А оборванная пушкинская цитата «Слава — яркая заплата…» («на ветхом рубище певца») оборачивается то зарплатой, то бокалом шампанского, то просто словом, уходящим во сне, «вроде рюмки алкоголя, вроде флоксов на столе, вроде ветра в чистом поле, в вологодском феврале» («Я шагал с эпохой в ногу…», начало 90-х гг.). Или, начав стихотворение с патетического заявления «Как я завидую великим!», автор далее иронизирует над собой, сравнив себя с «полупьяным котом учёным», и посмеивается над Пушкиным: «Ах Пушкин, ах обманщик ловкий! / Не поддаются дрессировке / коты» («Как я завидую великим!», 90-е гг.). И вдруг признаётся, что тщится переписать свою «утлую жизнь» по Пушкину или Толстому («Мой заплаканный, право, неважно…»).

Иногда цитирует те же пушкинские стихи и Н. Горбаневская, но чаще вспоминает другие строки: «берег, милый для меня», «на мой закат печальный», «и горько слёзы лью», «светла адмиралтейская игла», «русский от побед отвык», «не печалься, всё пройдёт». Как и Кенжеев, точному цитированию она предпочитает реминисценции, переделки, аллюзии: «В начале жизни помню детский сад» (вместо «школу помню я»), «Там на неведомых дорожках серебра / Свисают паруса и сохнут вёсла», «И кормщик погиб, и пловец, а певец — это ты или кто-то?»; «И узелок заплатанных платков / Повешен на воротах Цареграда», «среди беготни устойчивой мышей». А вот как неузнаваемо преображен эпиграф к 1-ой главе «Евгения Онегина» из Вяземского «И жить торопится, и чувствовать спешит» — «и жить не хочется, и чувствовать не стоит».

Если Кенжеев упоминает о «пушкинской лени», то Горбаневская пишет и о «пушкинском народе», и о «пушкинской осени», и о снеге на Черной речке, и об «Арзамасе». Если он любит иронические игры с образами и цитатами Пушкина, то она создаёт вариации на его стихи, переосмысливая его мотивы и сюжеты, обычно уже в зачине ссылаясь на оригинал: «Опять собирается вещий Олег» (1967), «Я вам звоню, хоть и бешусь» (1979), «Не дай мне Бог сойти с ума» (начало 80-х), «Со мною друга нет» (начало 90-х).

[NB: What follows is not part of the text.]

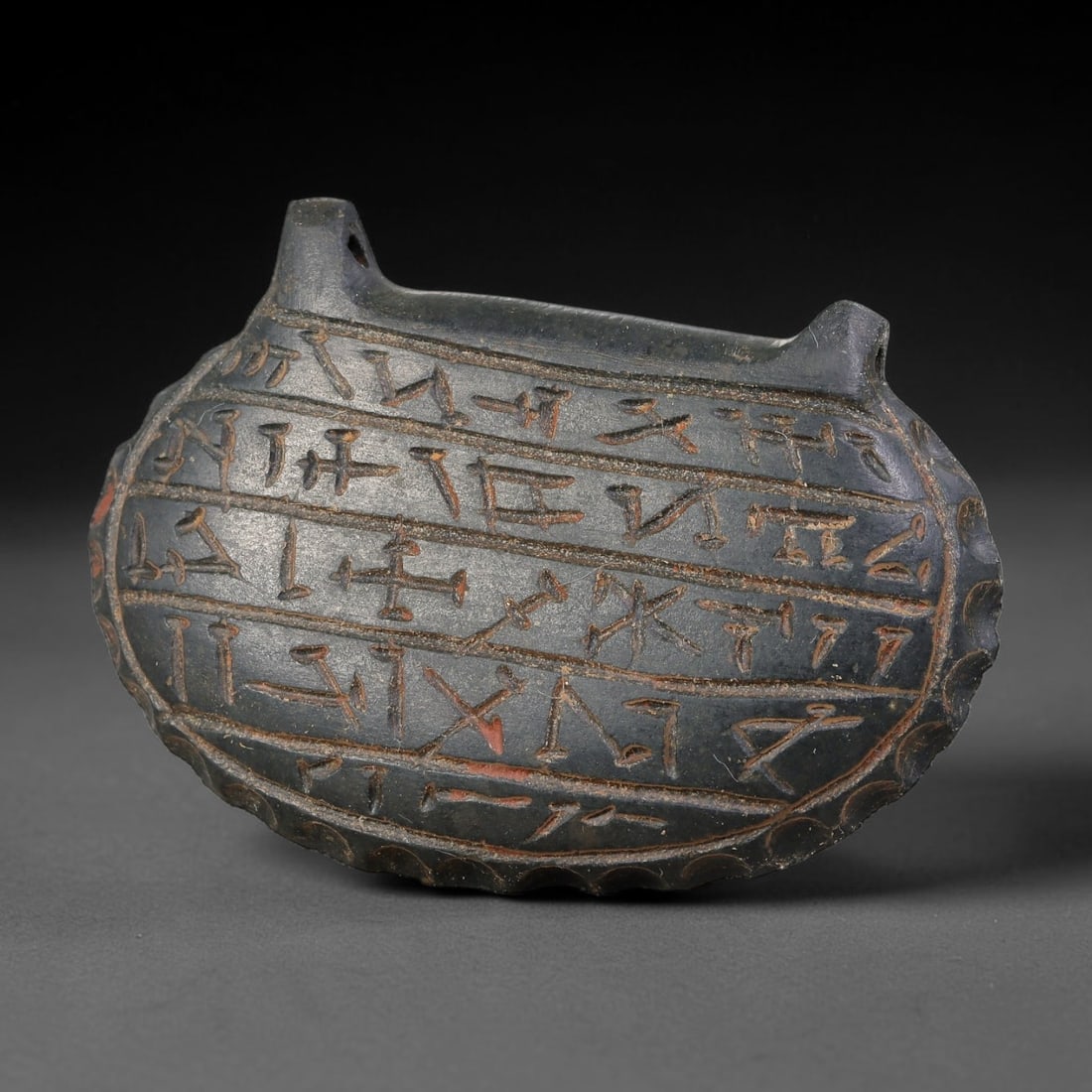 Ancient Uruk Period Oval Inscribed Apotropaic Amulet (c.3500-3100 BCE), 100AJ: Oval-bodied apotropaic amulet from the Uruk cultural sphere, with dual integrated suspension lugs at the upper edge for personal suspension. Its face is laid out in horizontal registers containing inc
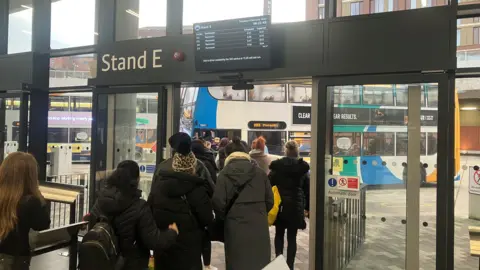 A picture of passengers aboard 203 bus services at Stockport Interchange.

Первое стихотворение — комментарий к «Песни о вещем Олеге». Подчёркивая повторяемость её ситуаций («опять собирается», «снова заплачет над черепом князь», снова выползет гробовая змея, «шипя и смеясь»), поэтесса (или «поэтка», как она себя называет) спрашивает, стоит ли верить предсказаниям кудесников, и советует не пытаться узнавать свою судьбу.

  • Так будь ты сторук, и стоуст, и столик,
  • а встретится лживый, безумный старик —
  • не спрашивай, право, не стоит.
  • Все косточки в горсточке Господа спят,
  • ковши круговые запенясь шипят
  • и шипу змеиному вторят.

Второй текст основан на гипотетическом предположении, что было бы, если б Пушкин жил в наше время: «А будь он нынешний, сейчасный, / писал бы он в припадке чувств: / «Я вам звоню, хоть и бешусь, / хоть это стыд и труд напрасный»? Автор усмехается и над собой, и над своими современниками, у которых в собраниях сочинений не будет переписки, а лишь «телефонные счета и неоплаченные пени». Но и в «век стальной и деловитый» возможна любовь. И если нет взаимности, то «хоть позвони, хоть позови, / хоть растопи стихами снег / и измени теченье рек, / хоть зарифмуй мольбу молитвой» — в ответ по телефону ты услышишь одно молчание, и в этом «трагикомический твой крест». Так ирония сменяется драматической нотой («А будь он нынешний…»).

В третьем стихотворении «Ночь. Снег. Тишь. Тьма» звучит пушкинский мотив ужаса перед безумием. В отличие от классика, который перечислял варианты, предпочитаемые им («посох и сума», «труд и глад»), Горбаневская перебирает условия и обстоятельства сумасшествия: «Не дай мне бог сойти с ума / во тьме, в тиши, в ночи, в снегу» (уже представленные в первой строке). Если Пушкин мечтал о воле, о бегстве на лоно природы, то у современного поэта нет этого выхода. В чём же спасение?

  • Завешу окна, свет зажгу,
  • камин затапливать начну,
(ср. у Бунина «камин затоплю»)
  • в эфире выловлю волну,
  • и запоёт она сама:
  • — Нет, лучше посох и сума…

Успокоение за завешенным окном эфемерно, временно, о чём и напоминает пушкинская строчка.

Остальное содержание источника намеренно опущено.